"¿Qué pasa en la Cámara de Casación donde están parados años juicios que deberían estar en marcha?", se preguntó el presidente Néstor Kirchner en relación a las causas contra represores, cuando encabezó este sábado el acto central por el 31 aniversario del golpe de Estado del 24 de marzo de 1976 que se realizó en el predio donde funcionó el centro clandestino de detención La Perla, en Córdoba.

"No estamos invadiendo otro poder, estamos pidiendo que funcione. No estamos predicando venganza, estamos pidiendo Justicia", consideró el primer mandatario. Además, Kirchner volvió a "pedir perdón" en nombre del Estado por el accionar de la dictadura.

Pero el presidente aprovechó la oportunidad, también, para referirse a Jorge Julio López, testigo desaparecido el año pasado luego de declarar en la causa contra el represor Miguel Etchecolatz. “A López se lo llevaron los de siempre y lo tenemos que encontrar vivo", reclamó.
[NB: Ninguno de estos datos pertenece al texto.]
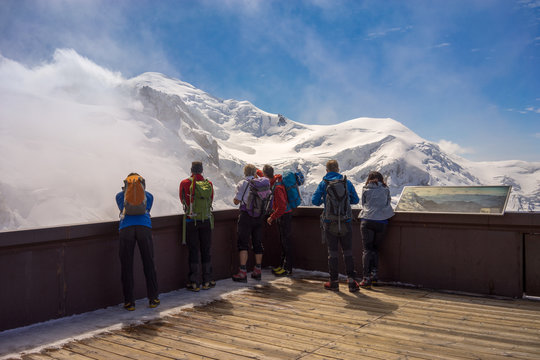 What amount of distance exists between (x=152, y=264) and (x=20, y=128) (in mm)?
75261

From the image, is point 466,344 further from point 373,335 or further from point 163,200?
point 163,200

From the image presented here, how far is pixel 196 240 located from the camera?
263 inches

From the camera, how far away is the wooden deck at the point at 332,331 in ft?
13.2

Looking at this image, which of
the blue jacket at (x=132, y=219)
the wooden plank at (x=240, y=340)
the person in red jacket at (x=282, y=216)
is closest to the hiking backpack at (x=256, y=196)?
the person in red jacket at (x=282, y=216)

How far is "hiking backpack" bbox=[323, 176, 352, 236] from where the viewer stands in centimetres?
651

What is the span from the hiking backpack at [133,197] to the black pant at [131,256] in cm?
23

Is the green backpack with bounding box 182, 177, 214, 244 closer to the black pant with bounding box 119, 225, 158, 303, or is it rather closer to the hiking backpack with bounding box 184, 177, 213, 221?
the hiking backpack with bounding box 184, 177, 213, 221

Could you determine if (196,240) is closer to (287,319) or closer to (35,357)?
(287,319)

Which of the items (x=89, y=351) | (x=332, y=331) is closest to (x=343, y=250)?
(x=332, y=331)

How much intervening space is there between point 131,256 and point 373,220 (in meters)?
3.77

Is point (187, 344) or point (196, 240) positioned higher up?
point (196, 240)

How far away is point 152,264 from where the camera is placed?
573 centimetres

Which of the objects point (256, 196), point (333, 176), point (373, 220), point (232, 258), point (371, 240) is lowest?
point (232, 258)

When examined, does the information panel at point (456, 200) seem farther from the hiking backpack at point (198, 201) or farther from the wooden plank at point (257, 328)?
the wooden plank at point (257, 328)
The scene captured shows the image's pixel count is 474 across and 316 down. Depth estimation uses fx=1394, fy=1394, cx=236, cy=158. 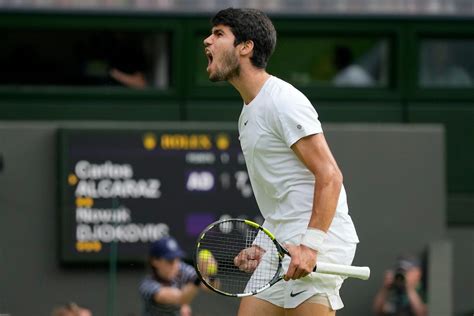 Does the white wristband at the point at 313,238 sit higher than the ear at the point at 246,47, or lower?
lower

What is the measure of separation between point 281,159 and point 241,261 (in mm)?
487

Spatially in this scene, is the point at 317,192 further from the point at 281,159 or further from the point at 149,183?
the point at 149,183

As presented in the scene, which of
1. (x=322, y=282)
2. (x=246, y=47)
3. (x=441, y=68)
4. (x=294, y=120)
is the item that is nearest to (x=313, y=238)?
(x=322, y=282)

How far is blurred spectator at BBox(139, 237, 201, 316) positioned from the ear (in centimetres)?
299

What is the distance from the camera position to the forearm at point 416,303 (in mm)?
9273

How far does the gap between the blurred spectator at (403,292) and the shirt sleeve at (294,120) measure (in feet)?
13.4

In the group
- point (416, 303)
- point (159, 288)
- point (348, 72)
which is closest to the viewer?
point (159, 288)

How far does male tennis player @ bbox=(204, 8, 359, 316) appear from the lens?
5.36 metres

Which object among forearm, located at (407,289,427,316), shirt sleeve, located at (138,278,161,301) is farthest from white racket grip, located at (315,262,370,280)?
forearm, located at (407,289,427,316)

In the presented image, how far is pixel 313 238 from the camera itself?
532 cm

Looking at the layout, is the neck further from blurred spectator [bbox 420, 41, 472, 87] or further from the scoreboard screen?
blurred spectator [bbox 420, 41, 472, 87]

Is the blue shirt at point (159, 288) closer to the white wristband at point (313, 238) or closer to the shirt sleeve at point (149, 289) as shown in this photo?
the shirt sleeve at point (149, 289)

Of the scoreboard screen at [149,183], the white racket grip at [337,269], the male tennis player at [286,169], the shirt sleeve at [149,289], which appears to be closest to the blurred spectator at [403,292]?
the scoreboard screen at [149,183]

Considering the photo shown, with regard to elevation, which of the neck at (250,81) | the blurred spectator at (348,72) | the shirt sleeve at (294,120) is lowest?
the shirt sleeve at (294,120) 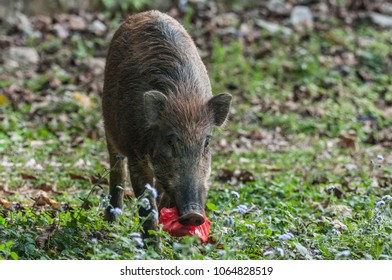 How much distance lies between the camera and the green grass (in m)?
6.47

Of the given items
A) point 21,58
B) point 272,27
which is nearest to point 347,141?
point 272,27

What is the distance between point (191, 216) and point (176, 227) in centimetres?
25

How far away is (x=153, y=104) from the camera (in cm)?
717

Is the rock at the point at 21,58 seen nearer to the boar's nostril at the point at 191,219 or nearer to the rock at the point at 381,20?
the rock at the point at 381,20

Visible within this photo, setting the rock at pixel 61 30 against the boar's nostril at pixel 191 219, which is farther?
the rock at pixel 61 30

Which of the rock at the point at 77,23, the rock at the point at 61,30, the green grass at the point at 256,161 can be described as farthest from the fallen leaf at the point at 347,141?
the rock at the point at 77,23

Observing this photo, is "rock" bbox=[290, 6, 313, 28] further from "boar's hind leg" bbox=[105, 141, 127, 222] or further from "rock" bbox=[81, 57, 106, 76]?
"boar's hind leg" bbox=[105, 141, 127, 222]

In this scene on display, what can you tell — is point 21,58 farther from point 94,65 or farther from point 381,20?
point 381,20

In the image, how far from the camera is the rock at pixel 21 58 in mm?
14062

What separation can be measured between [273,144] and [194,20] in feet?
17.2

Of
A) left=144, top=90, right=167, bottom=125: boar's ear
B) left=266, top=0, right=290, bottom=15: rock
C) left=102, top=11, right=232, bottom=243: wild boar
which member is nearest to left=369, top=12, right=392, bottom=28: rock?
left=266, top=0, right=290, bottom=15: rock

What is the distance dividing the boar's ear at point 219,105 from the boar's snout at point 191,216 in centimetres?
115

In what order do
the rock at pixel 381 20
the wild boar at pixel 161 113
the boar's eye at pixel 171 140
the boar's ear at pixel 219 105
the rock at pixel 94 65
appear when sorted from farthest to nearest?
1. the rock at pixel 381 20
2. the rock at pixel 94 65
3. the boar's ear at pixel 219 105
4. the boar's eye at pixel 171 140
5. the wild boar at pixel 161 113

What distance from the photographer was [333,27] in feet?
55.9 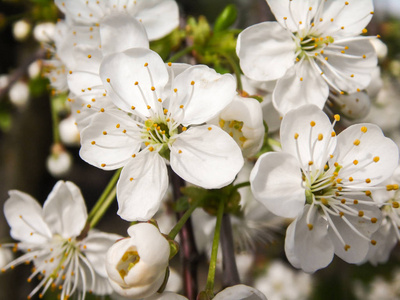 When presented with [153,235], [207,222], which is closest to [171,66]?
[153,235]

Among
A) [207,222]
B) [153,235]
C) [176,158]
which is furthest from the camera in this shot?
[207,222]

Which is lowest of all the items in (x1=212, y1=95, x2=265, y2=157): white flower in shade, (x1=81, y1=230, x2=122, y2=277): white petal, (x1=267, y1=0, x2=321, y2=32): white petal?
(x1=81, y1=230, x2=122, y2=277): white petal

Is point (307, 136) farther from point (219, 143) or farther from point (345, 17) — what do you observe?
point (345, 17)

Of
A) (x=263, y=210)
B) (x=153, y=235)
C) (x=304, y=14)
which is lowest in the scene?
(x=263, y=210)

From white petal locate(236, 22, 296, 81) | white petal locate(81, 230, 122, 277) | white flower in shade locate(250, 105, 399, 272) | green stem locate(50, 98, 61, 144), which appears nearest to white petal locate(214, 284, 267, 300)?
white flower in shade locate(250, 105, 399, 272)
La Perla, un lugar de detención, torturas y exterminio

Durante el acto, el presidente anunció la creación en La Perla de un Espacio para la Memoria y firmó junto a representes de organismos de Derechos Humanos un acta por la que el Ejército cederá con ese fin el predio de unas 37 hectáreas.

Previamente, junto al vicegobernador de la provincia, Juan Schiaretti, interinamente a cargo del Poder Ejecutivo, el Jefe de Estado recorrió las dependencias del predio acompañado por representantes de organismos de derechos humanos.

La Perla fue el mayor de unos 60 centros clandestinos de detención, torturas y exterminio que funcionaron en el área del III Cuerpo de Ejército y uno de los más grandes del país durante la última dictadura. Por ese lugar, ubicado a unos 12 kilómetros al oeste de la ciudad de Córdoba y a la vera de la ruta que conduce a Villa Carlos Paz, pasaron más de 2.200 detenidos–desaparecidos, con muy pocos sobrevivientes.

En el esquema operativo del terrorismo de Estado, los represores identificaban a este centro clandestino como O.P.3, La Perla o también "la universidad", para disinguirla del Campo de la Ribera o "la escuelita", también en Córdoba.

El III Cuerpo de Ejército, conducido por el represor Luciano Benjamín Menéndez, controlaba en esa época Córdoba y otras nueve provincias del centro-noroeste del país y unos 60 centros clandestinos de detención.

La Perla también fue uno de los más grandes campos de concentración y exterminio de la Argentina, junto a la ESMA y Campo de Mayo. Según estimaciones, por sus instalaciones distribuidas en 37 hectáreas pasaron entre 1976 y 1979 (año en el que La Perla dejó de funcionar) entre 2.200 y 2.500 detenidos–desaparecidos, de los cuales muy pocos sobrevivieron al terrorismo de Estado.

De estos sobrevivientes surgió la iniciativa de convertir a La Perla en Espacio para la Memoria.